Exercise directions: From the line containing "Jaguar FPace Steering" to the last line of the listing below, repeat every line exactly, and output nothing else.

* * * * *

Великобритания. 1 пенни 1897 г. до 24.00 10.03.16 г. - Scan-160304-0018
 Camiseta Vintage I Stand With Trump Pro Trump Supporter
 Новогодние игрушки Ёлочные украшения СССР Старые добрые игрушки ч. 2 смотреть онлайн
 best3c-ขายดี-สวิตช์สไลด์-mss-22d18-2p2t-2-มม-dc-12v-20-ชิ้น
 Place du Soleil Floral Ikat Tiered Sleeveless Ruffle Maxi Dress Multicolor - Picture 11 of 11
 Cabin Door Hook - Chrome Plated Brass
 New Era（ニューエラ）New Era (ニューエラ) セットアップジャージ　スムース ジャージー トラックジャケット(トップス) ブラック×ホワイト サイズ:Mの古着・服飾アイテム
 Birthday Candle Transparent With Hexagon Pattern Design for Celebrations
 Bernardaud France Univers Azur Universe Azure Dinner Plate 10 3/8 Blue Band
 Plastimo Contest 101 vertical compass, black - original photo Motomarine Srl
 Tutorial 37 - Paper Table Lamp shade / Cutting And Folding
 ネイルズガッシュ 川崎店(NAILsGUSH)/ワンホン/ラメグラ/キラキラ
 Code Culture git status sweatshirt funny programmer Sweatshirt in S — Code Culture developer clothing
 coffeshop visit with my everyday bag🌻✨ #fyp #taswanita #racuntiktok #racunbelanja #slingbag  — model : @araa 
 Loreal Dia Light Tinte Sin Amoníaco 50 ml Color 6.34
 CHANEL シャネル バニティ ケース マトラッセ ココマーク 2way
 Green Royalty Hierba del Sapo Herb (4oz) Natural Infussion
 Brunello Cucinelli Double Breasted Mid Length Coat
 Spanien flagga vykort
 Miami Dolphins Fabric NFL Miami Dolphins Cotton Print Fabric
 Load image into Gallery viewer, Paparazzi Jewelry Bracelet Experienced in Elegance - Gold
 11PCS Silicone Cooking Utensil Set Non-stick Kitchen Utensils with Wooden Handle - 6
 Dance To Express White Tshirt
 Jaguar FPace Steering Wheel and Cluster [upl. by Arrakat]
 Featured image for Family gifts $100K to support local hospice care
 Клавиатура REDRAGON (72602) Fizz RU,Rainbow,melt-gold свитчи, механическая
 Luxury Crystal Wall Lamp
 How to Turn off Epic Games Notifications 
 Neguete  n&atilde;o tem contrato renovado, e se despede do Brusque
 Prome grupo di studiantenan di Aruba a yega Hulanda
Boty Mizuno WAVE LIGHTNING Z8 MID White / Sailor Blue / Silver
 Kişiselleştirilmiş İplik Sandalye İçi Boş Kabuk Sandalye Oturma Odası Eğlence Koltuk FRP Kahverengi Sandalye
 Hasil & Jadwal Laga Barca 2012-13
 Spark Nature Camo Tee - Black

* * * * *

Solution below:
 Jaguar FPace Steering Wheel and Cluster [upl. by Arrakat]
 Featured image for Family gifts $100K to support local hospice care
 Клавиатура REDRAGON (72602) Fizz RU,Rainbow,melt-gold свитчи, механическая
 Luxury Crystal Wall Lamp
 How to Turn off Epic Games Notifications 
 Neguete  n&atilde;o tem contrato renovado, e se despede do Brusque
 Prome grupo di studiantenan di Aruba a yega Hulanda
Boty Mizuno WAVE LIGHTNING Z8 MID White / Sailor Blue / Silver
 Kişiselleştirilmiş İplik Sandalye İçi Boş Kabuk Sandalye Oturma Odası Eğlence Koltuk FRP Kahverengi Sandalye
 Hasil & Jadwal Laga Barca 2012-13
 Spark Nature Camo Tee - Black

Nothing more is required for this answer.